§ **WORK INSTRUCTION**: Nothing but the lines from the one containing "Cover for Elmer" through the end of the data below should appear in the answer, each exact and free of pictures.

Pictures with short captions
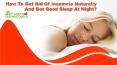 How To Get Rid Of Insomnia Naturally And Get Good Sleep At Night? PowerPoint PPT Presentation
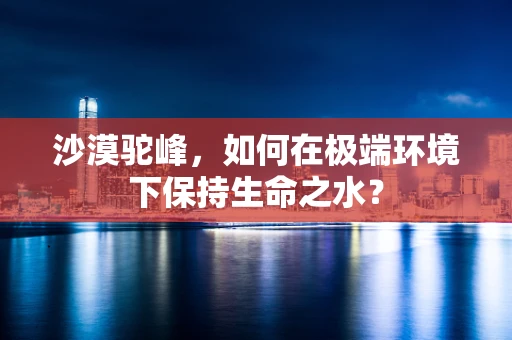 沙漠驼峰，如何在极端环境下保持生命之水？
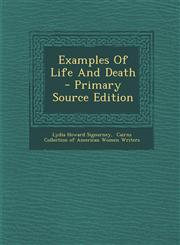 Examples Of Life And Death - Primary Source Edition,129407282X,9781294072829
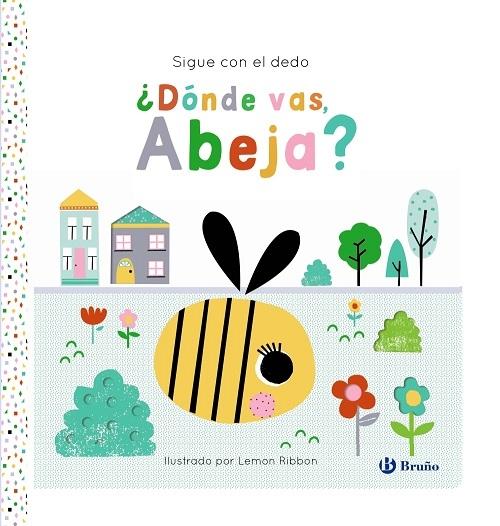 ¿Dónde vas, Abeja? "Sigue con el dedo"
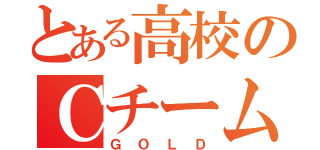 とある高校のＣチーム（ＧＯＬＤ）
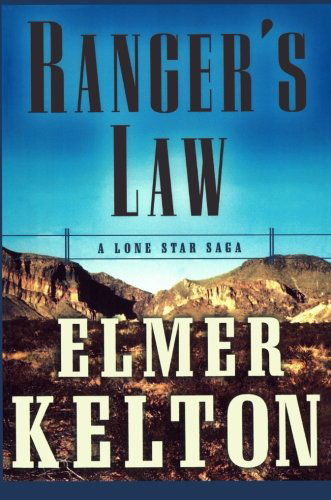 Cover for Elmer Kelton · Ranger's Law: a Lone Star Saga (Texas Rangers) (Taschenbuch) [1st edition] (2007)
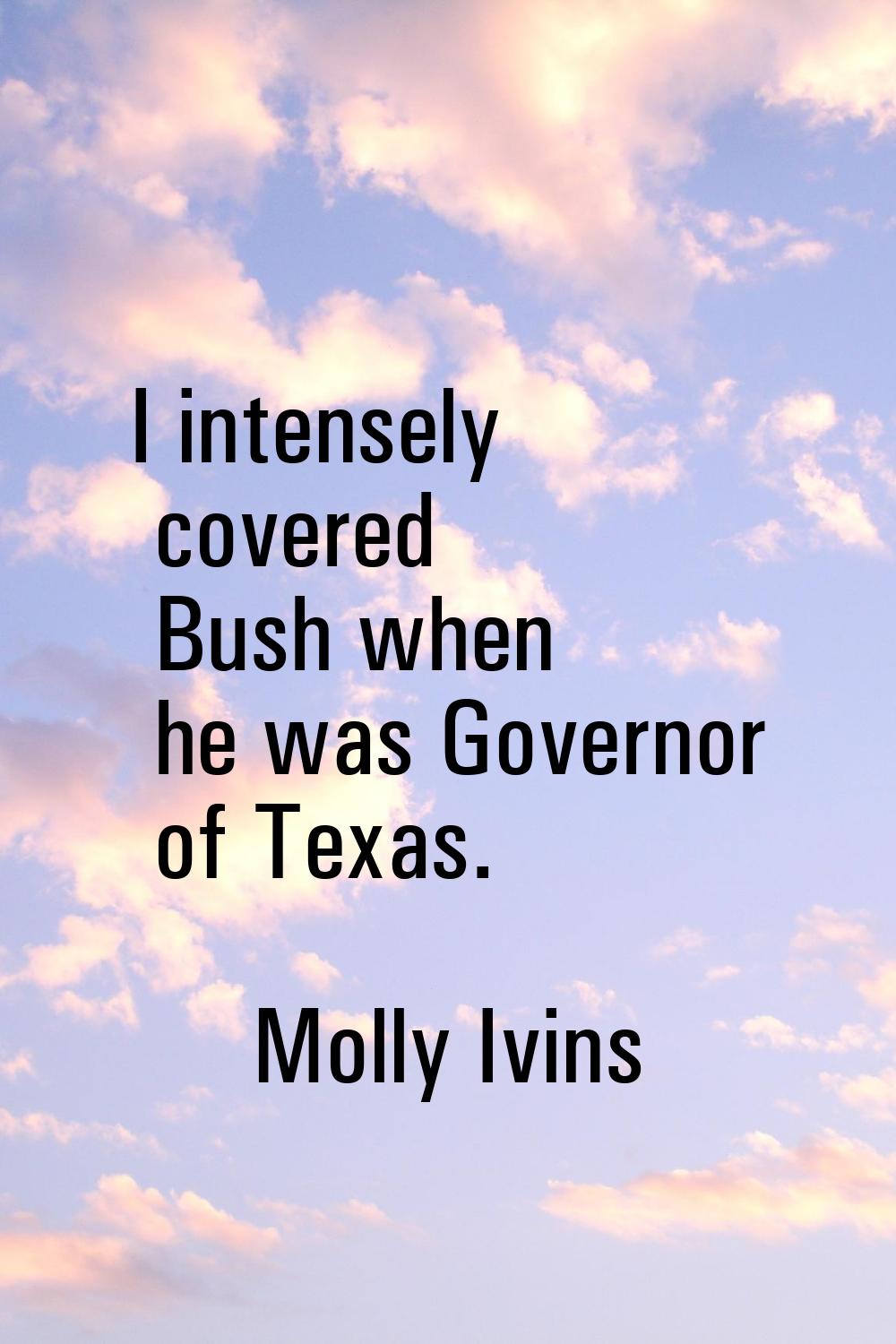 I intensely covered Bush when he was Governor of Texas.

§ **SOLUTION FOR THIS PROBLEM**:
 Cover for Elmer Kelton · Ranger's Law: a Lone Star Saga (Texas Rangers) (Taschenbuch) [1st edition] (2007)
 I intensely covered Bush when he was Governor of Texas.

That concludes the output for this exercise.